(Collected data)
+ + + +

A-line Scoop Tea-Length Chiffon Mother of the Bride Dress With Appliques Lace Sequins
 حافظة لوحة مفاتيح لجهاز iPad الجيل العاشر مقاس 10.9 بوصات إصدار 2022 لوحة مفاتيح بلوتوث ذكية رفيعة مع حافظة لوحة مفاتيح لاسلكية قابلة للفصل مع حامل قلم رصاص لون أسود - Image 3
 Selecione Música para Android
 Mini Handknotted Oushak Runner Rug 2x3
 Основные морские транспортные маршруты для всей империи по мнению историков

+ + + +

WORK TO BE COMPLETED: Using the records above, write out exactly the lines from the one containing "حافظة لوحة مفاتيح لجهاز" through the last, and add nothing.

FINISHED EXERCISE:
 حافظة لوحة مفاتيح لجهاز iPad الجيل العاشر مقاس 10.9 بوصات إصدار 2022 لوحة مفاتيح بلوتوث ذكية رفيعة مع حافظة لوحة مفاتيح لاسلكية قابلة للفصل مع حامل قلم رصاص لون أسود - Image 3
 Selecione Música para Android
 Mini Handknotted Oushak Runner Rug 2x3
 Основные морские транспортные маршруты для всей империи по мнению историков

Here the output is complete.